As can be seen from table 1, after the new angle constraint term is added, NME (%) of face key point location can be effectively reduced. Fig. 5 shows the visualization result of the influence of adding and not adding such constraint on the final face key point positioning accuracy. Fig. 6 shows the robustness of the algorithm of the present invention to face key point localization in occlusion situations. Table 1 shows that the accuracy of face key point positioning under occlusion conditions is improved by the present invention when comparing the average error (%) normalized with the diagonal of the face frame on a 300W test set with and without new constraints.

TABLE 1

300W test set	challenge	common	public	private
					Adding new constraints	2.50	1.47	1.67	2.06
Without adding new constraints	2.68	1.50	1.71	2.16

The above-described embodiments are merely preferred embodiments of the present invention, which should not be construed as limiting the invention. Various changes and modifications may be made by one of ordinary skill in the pertinent art without departing from the spirit and scope of the present invention.
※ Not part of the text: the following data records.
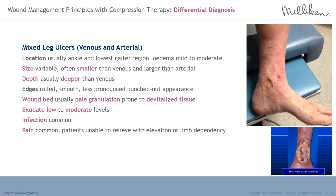Differential diagnosis — mixed leg ulcers: usually located at the ankle and lower gaiter region, with mild to moderate oedema. Wound size and shape is variable, often smaller and deeper than venous ulcers. The wound edges are rolled and smooth with a semi-punched out appearance, indicative of underlying arterial insufficiency. The limb and wound tissue is pale and prone to developing devitalised tissue, slough and necrosis. Wound fluid levels are lower — usually low to moderate — and infection is also common. The patient with mixed disease is unable to relieve pain through either limb elevation or dependent positioning.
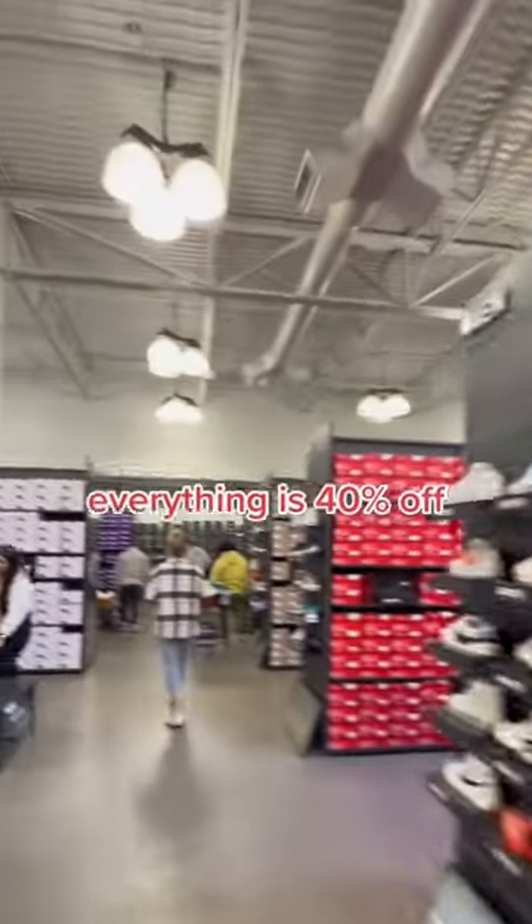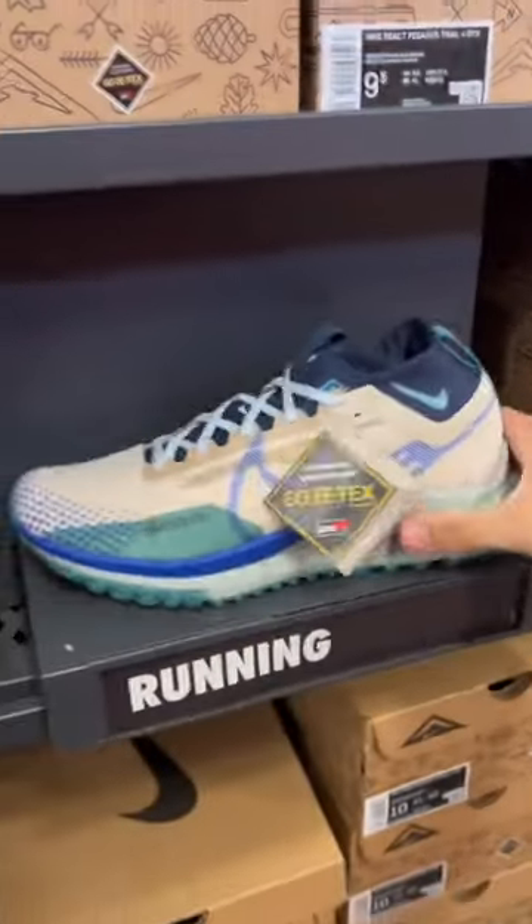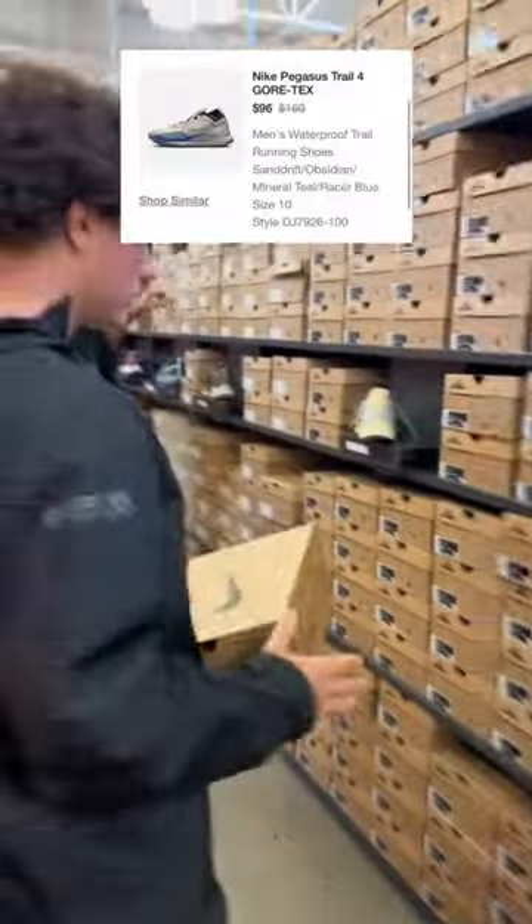This is the Nike company store — everything inside is 40% off. This place is very exclusive, but I was lucky enough to get in, so let's see what deals I can find. Starting off very strong, I found an awesome colorway of the Nike Trail Pegasus.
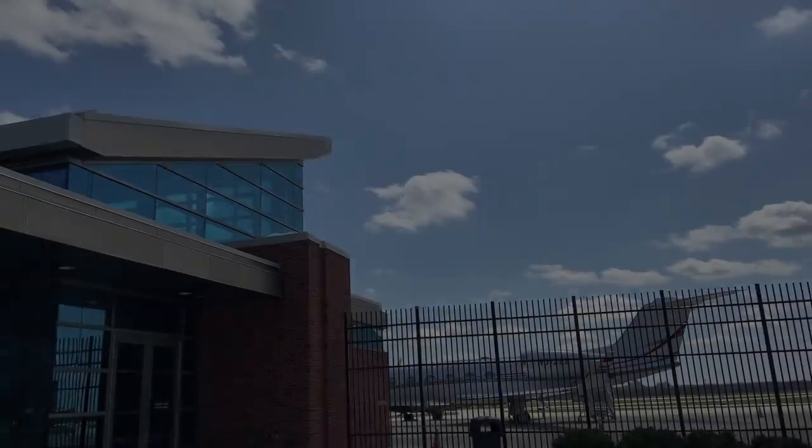Welcome to the Purdue University Airport in the School of Aviation Transportation Technology. Myself and a few other ambassadors would like to take you on a brief look at the facilities that we have to offer our students here at Purdue.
Therefore, the technical scheme obtained by adopting the mode of equivalent replacement or equivalent transformation is within the protection scope of the invention.

Claims

1. A human face key point positioning method for shielding robustness is characterized by comprising the following steps:

where N is the number of visible face keypoints,

representing the true value of the pixel at the pixel point (x, y) on the ith visible face keypoint heat map;

is on the ith keypoint heat map of the network output (x, y)) Taking the pixel value as the value after sigmoid activation;

in step S33, the method for generating the pixel truth value on the key point heat map includes:

setting the value of each pixel point in 4 pixel radius ranges around the visible face key point as 1, setting the values of the pixel points in the rest areas outside the 4 pixel radius ranges as 0, and generating a corresponding heat map for each visible face key point;

wherein the content of the first and second substances,

is the ith human face key point heat map output by network prediction,

Is a background region heat map of the network prediction output,

is a heat map generated according to the truth value of the background area; (x, y) represents heatThe location of a pixel point on the image;

in step S34, the method for generating the face keypoint true value on the keypoint heat map includes:

where (j, K) represents the pixel index on the 28 × 28 × K heat map, (x)_g,y_g) Representing the coordinates, sigma, of the key points of the real face on one of the heat maps_x,σ_yRespectively representing the standard deviation of the gaussian response in the x-direction and the y-direction;

is the position of the key point of the face obtained by the fine positioning in S34, D_boxThe length of the diagonal line of the face frame is used as a normalization factor of the loss function; theta is the line segment formed by predicted adjacent key points and the corresponding adjacent key pointsAn included angle between line segments formed by the near key point truth value; the included angle θ is defined as follows:

wherein

And

representing predictions in S35

The positions of two adjacent face key points in the image,

and

S_final＝T^-1(S₃)

wherein S₃Is in S35Obtaining the position of a key point on the corrected face, T^-1Is an inverse transformation matrix corresponding to the Fourier analysis transformation T;

2. The occlusion robust face key point positioning method of claim 1, wherein in step S1, the key point labeling is performed by: and (3) automatically calibrating the positions of the key points of the samples by using a 3DDFA algorithm, and then manually adjusting.

3. The occlusion robust face key point positioning method of claim 1, wherein in step S33, the convolution kernels of different sizes are 4 in total, and the sizes are 3 × 3 × 256, 3 × 3 × 512, 1 × 1 × 512 and 1 × 1 × 68, respectively.

4. The occlusion robust face key point positioning method of claim 1, wherein in step S34, the convolution kernels of different sizes are 4 in total, and the sizes are 3 × 3 × 128, 3 × 3 × 256, 1 × 1 × 128 and 1 × 1 × 68, respectively.